UNITED STATES
SECURITIES AND EXCHANGE COMMISSION
Washington, D.C. 20549
SCHEDULE 14D-9
SOLICITATION/RECOMMENDATION STATEMENT
PURSUANT TO SECTION 14(d)(4) OF THE
SECURITIES EXCHANGE ACT OF 1934
(Amendment No. 1)
VIACELL, INC.
(Name of Subject Company)
VIACELL, INC.
(Name of Person(s) Filing Statement)
Common Stock, par value $0.01 per share
(Title of Class of Securities)
92554J105
(CUSIP Number of Common Stock)
Marc D. Beer
President and Chief Executive Officer
245 First Street, 15th Floor
Cambridge, Massachusetts 02142
(617) 914-3400
(Name, Address and Telephone Number of Person Authorized to Receive Notices
and Communications on Behalf of the Person(s) Filing Statement)
With a copy to:
Marc Rubenstein, Esq.
Ropes & Gray LLP
One International Place
Boston, Massachusetts 02110
(617) 951-7000
¨ Check the box if the filing relates solely to preliminary communications made before the commencement of a tender offer.

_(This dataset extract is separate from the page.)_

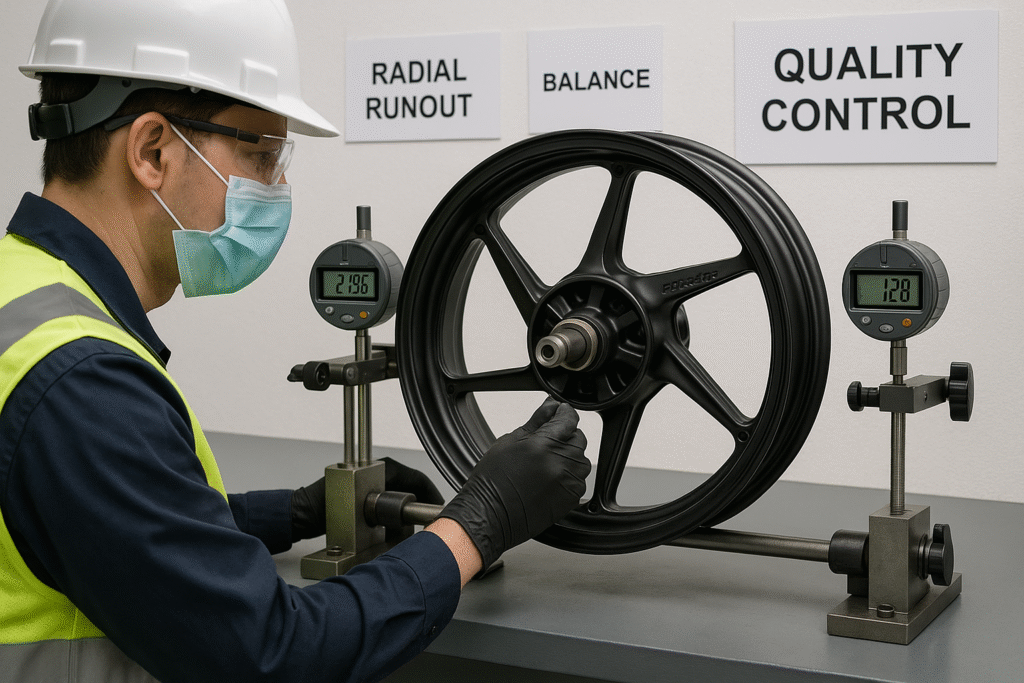 Radial and balance testing of forged Kawasaki motorcycle wheels at FLEXIMOTO.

This Amendment No. 1 to Schedule 14D-9 (this Amendment) amends and supplements the Schedule 14D-9 (the Schedule 14D-9) initially filed by ViaCell, Inc., a Delaware corporation (ViaCell or the Company), with the Securities and Exchange Commission on October 12, 2007 relating to the tender offer commenced by PerkinElmer, Inc., a Delaware corporation (PerkinElmer), through its wholly owned subsidiary, Victor Acquisition Corporation, a Delaware corporation (Purchaser), on October 12, 2007 to purchase all outstanding shares of common stock, par value $0.01 per share (the Shares) of ViaCell at a purchase price of $7.25 per Share in cash, without interest thereon, less any required withholding taxes, upon the terms and subject to the conditions set forth in the Offer to Purchase dated October 12, 2007, as amended October 25, 2007 (the Offer to Purchase) and the related Letter of Transmittal (which, together with the Offer to Purchase, and any amendments or supplements thereto, collectively constitute the Offer). Except as otherwise indicated herein, the information set forth in the Schedule 14D-9 remains unchanged. Capitalized terms used but not defined herein have the meanings ascribed to them in the Schedule 14D-9.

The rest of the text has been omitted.